As always for San Francisco, street theater was still in high gear. An effigy of the Statue of Liberty with a skull face holding an American flag with a swastika on it was wheeled around, followed by an old hippie playing a banjo and people dancing along merrily. A young man wearing a white shirt with fake blood dripping from painted bullet holes, all the while smiling inanely, carried aloft a Palestinian flag. In one distasteful display, a man and woman wearing George Bush and Condoleezza Rice masks danced around with a “George Bush Loves Black People” sign. The Raging Grannies group sang songs like, “Oh Where are those Weapons, Mr. Bush?” The thugs of Anarchist Action stood around trying to look menacing.

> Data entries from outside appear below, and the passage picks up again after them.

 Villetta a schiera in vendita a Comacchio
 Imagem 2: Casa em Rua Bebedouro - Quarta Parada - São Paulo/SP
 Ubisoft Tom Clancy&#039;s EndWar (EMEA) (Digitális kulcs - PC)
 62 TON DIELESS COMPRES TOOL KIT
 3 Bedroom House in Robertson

Nuttiness in general was at an all time high. 9/11 conspiracies were the order of the day, as were the tiresome references to “blood for oil.” Lyndon LaRouche cult followers set up a table and gave away magazines with Dick Cheney on the cover with the overwrought headline, “Soldiers of Satan.” Even food took on a sinister connotation, as the evils of genetically modified food and non-vegetarianism were lamented. A regular at all protests in San Francisco, Frank Chu, otherwise known as the “12 Galaxies guy,” babbled nonsensical ravings to anyone unfortunate enough to be filming nearby.

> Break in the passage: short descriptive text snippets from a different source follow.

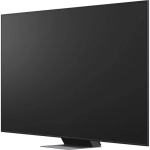 Телевизор LG 86MRGB96B6B.ARUG 86" LED 4K Ultra HD черный титан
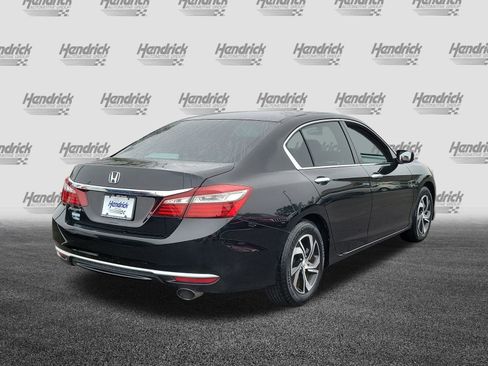 Used 2016 Honda Accord LX image 7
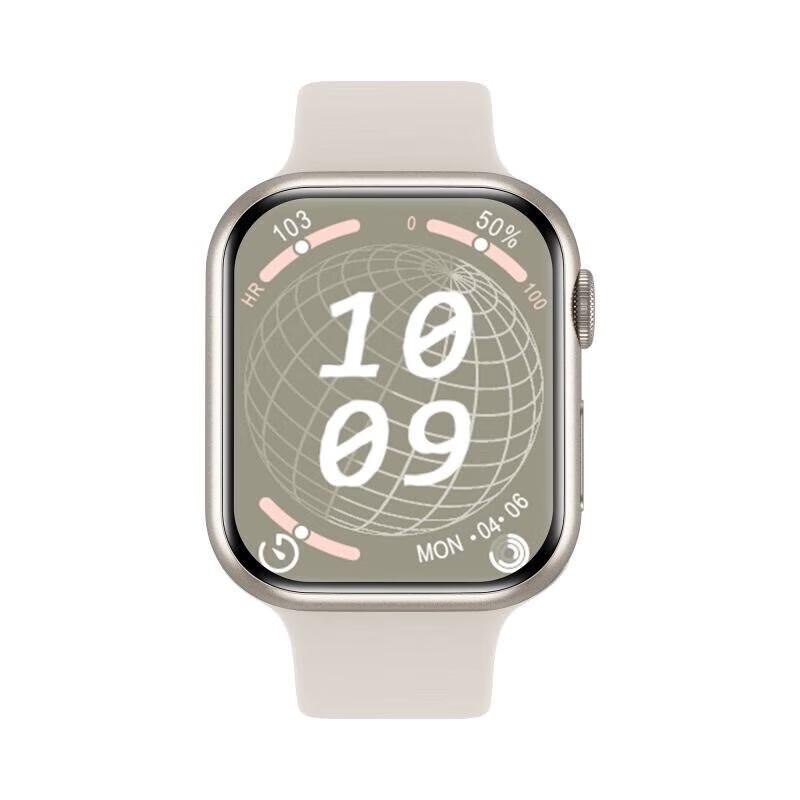 AGEFIT HD9mini Smart Health Monitoring Watch (CN version)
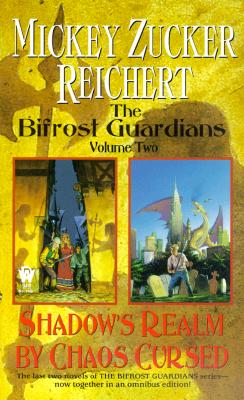 Bifrost Guardians : Shadows Realm : By Chaos Cursed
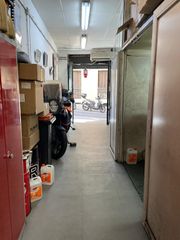 Local Comercial a Calle de la Palma 52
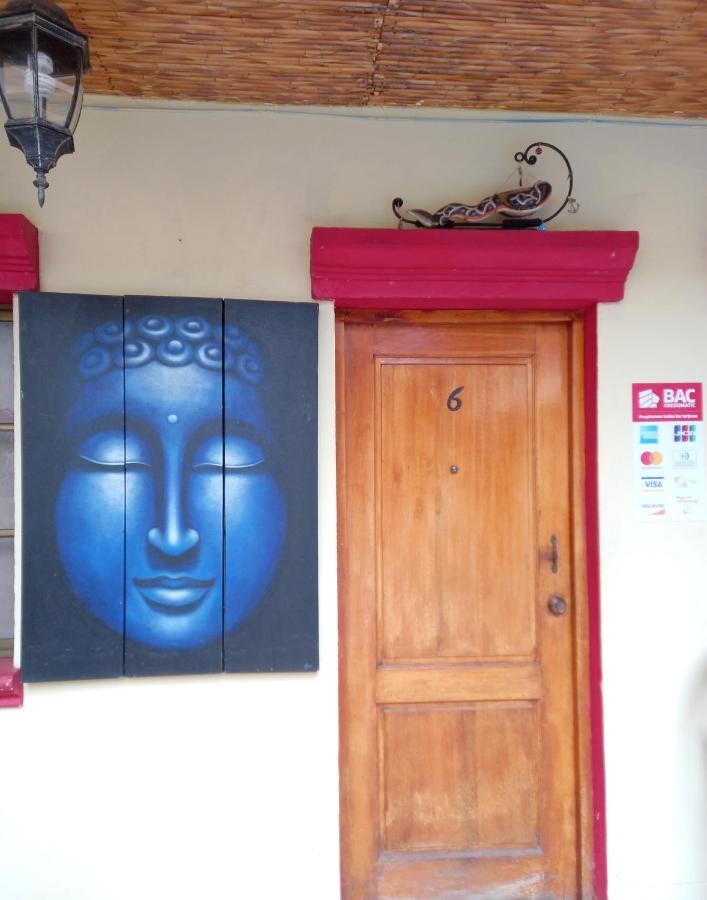 Hostal Don Gato Granada Kültér fotó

While this certainly won’t be San Francisco’s last antiwar rally, it felt a lot like the beginning of the end. Despite a decent turnout, the passion behind the slogans and the rhetoric just wasn’t there this time. At some point, the radical Left will have to do more than simply tear away at the fabric of society and march against their own country and in support of overseas terrorists and totalitarian regimes. They’ll have to actually offer something constructive to build a better world. But after attending this event, we’re not holding our breath.